Afin de nous abriter des rafales qui pourraient souffler du plateau supérieur, nous passons au pied du mont Engelstad, et, à la fin de l’étape, nous campons tout contre ce pic. Ici, de même qu’à notre premier passage, la neige est molle et épaisse ; non sans difficultés nous trouvons un bon emplacement pour la tente. Nous voici descendus d’environ un millier de mètres ; on s’en aperçoit sans qu’il soit besoin de consulter les instruments. J’ai l’impression de respirer plus facilement ; après tout, ce n’est peut-être qu’une idée. Pas un souffle d’air et un soleil brûlant, comme au plus fort de l’été en Norvège.
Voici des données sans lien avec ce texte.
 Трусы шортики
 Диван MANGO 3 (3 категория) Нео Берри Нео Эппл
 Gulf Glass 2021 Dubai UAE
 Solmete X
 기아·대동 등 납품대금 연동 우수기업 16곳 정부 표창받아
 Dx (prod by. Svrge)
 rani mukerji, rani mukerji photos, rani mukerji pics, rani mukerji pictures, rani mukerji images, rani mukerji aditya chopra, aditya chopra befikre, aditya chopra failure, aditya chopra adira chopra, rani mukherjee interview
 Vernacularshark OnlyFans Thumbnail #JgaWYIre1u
Le lendemain matin, en nous levant, un panorama d’une sublime beauté s’offre à nous. Le camp est installé dans l’étroite brèche séparant le Fridtjof Nansen de l’Ole Engelstad. Abrité par cette dernière montagne, notre bivouac est dans l’ombre, tandis qu’en face de nous la calotte glacée du Nansen est illuminée par un radieux soleil de minuit. Les neiges culminantes luisent dans un éblouissement de lumière jaune ; plus bas, elles se teintent en bleu, puis par une lente dégradation se fondent dans des tons sombres au pied de la montagne. L’Engelstad présente le même contraste : en bas une masse noire striée par l’écroulement blanc du glacier, et en haut une auréole d’or formée par un cirrus arrêté sur la pointe du pic. Plus loin encore dans l’est, le Don Pedro Christophersen dresse dans ce ciel flamboyant ses crêtes fantastiques. Un décor féerique, enveloppé d’un calme profond.
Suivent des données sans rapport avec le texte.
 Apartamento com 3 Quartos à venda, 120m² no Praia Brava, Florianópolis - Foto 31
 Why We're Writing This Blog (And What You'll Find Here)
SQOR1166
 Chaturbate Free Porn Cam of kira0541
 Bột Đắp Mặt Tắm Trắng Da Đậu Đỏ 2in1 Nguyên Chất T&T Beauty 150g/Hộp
LE REMBARQUEMENT DU MATÉRIEL À BORD DU « FRAM » (JANVIER 1912).

Sur le renflement où commence la descente vers le glacier Axel Heiberg, nous nous arrêtons pour placer des freins sous les traîneaux et assembler les bâtons deux par deux, afin d’avoir en main quelque chose de très solide ; il est indispensable de pouvoir s’arrêter immédiatement, si on découvre devant soi une crevasse. Nous, les skieurs, nous dévalons en tête. Sur cette déclivité garnie d’une couche de neige suffisante pour permettre d’être maître de ses patins, la marche est idéale ; nous filons comme des flèches. Quelques minutes plus tard, nous nous trouvons sur le glacier Heiberg.
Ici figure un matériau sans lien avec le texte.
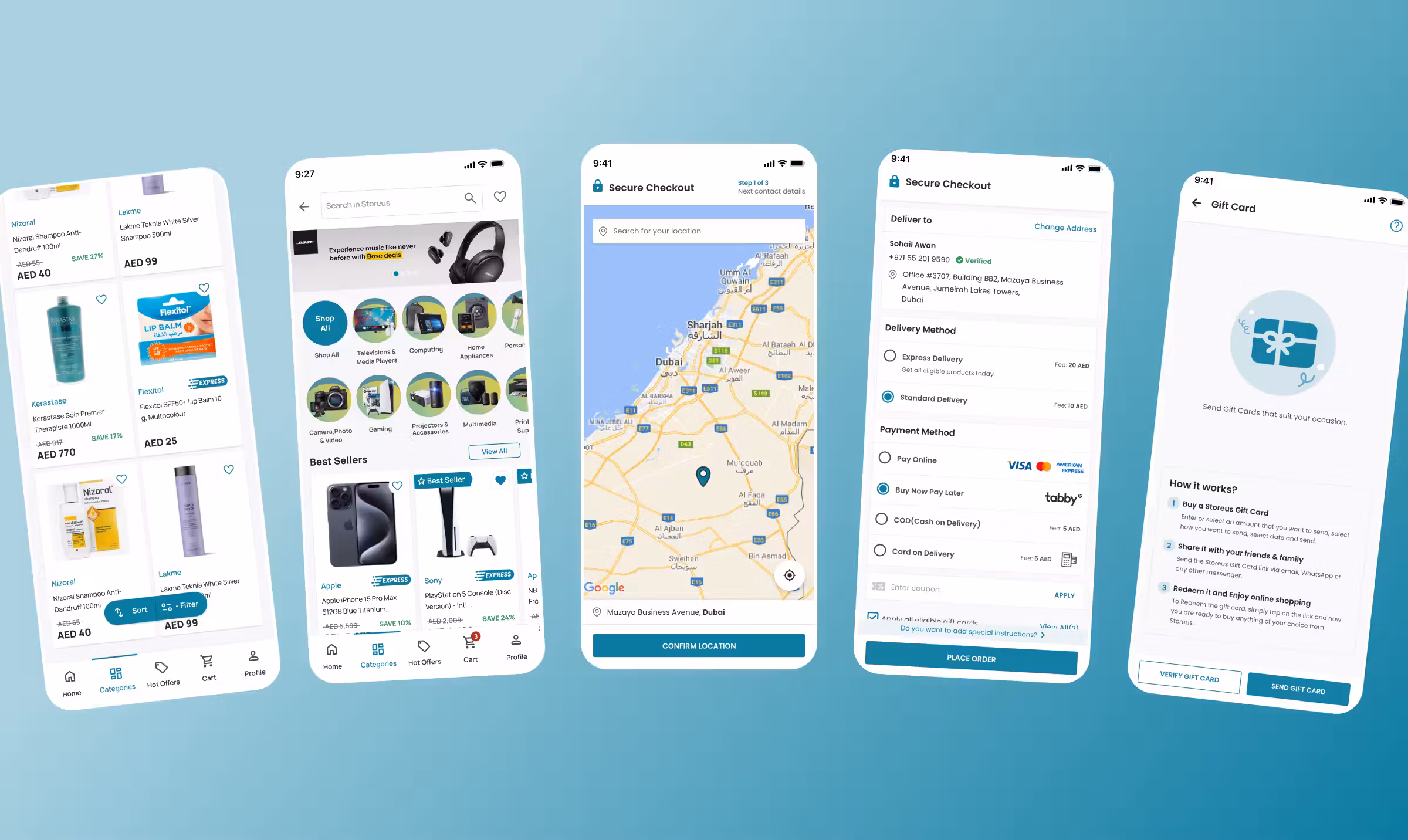 Final design visual 2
Le soir, campé sur l’emplacement du bivouac du 18 novembre, à l’altitude de 900 mètres. D’ici, nous embrassons la vallée que remplit le glacier Axel Heiberg, et apercevons son confluent avec la Barrière. Il paraît uni ; dans ces conditions, mieux vaut le suivre que de tourner son embouchure en passant à travers les montagnes, comme nous l’avons fait il y a deux mois. La distance par cette nouvelle route ne sera guère plus courte ; mais probablement l’économie de temps sera considérable.

Excédés par la longueur des haltes, nous adoptons à partir d’ici un nouvel ordre de route. Désormais, nous parcourrons 28 kilomètres, puis nous nous reposerons six heures et accomplirons ensuite une seconde traite de 28 kilomètres, et ainsi de suite. De cette façon, par vingt-quatre heures, nous couvrirons en moyenne une bonne distance. Grâce à cette disposition, nous gagnâmes beaucoup de temps.

6 janvier. — À sept heures du matin, nous bivouaquons sur le promontoire qui marque le confluent de l’Axel Heiberg et de la Barrière. Le dépôt du 85° 5′ sud de latitude ne doit pas être loin. Dans l’après-midi, nous repartons. Du sommet d’un petit monticule que nous gravissons aussitôt après avoir quitté le bivouac, Bjaaland croit distinguer la cache ; peu de temps après, nous arrivons en vue du mont Betty et de la route suivie à l’aller. De là, avec la jumelle, nous reconnaissons que Bjaaland ne s’est pas trompé. Le petit tas de neige tout là-bas, c’est bien le dépôt. Aussitôt, nous gouvernons droit dans cette direction, et, à onze heures du soir, nous nous retrouvons sur la Barrière. Notre séjour dans les montagnes qui enceignent le Pôle antarctique avait duré cinquante et un jours.

Au dépôt, tout est en ordre. Également ici la chaleur a dû être forte ; le monticule de neige très élevé et très massif sous lequel les provisions avaient été enfouies est en grande partie fondu. Les rations de pemmican qui ont subi l’action directe des rayons solaires ont pris les formes les plus étranges. Dès notre arrivée, nous répartissons les provisions sur les traîneaux. À ce bivouac, nous abandonnons en signe de notre passage, quelques-uns des vêtements en loques que nous avons portés pendant le voyage.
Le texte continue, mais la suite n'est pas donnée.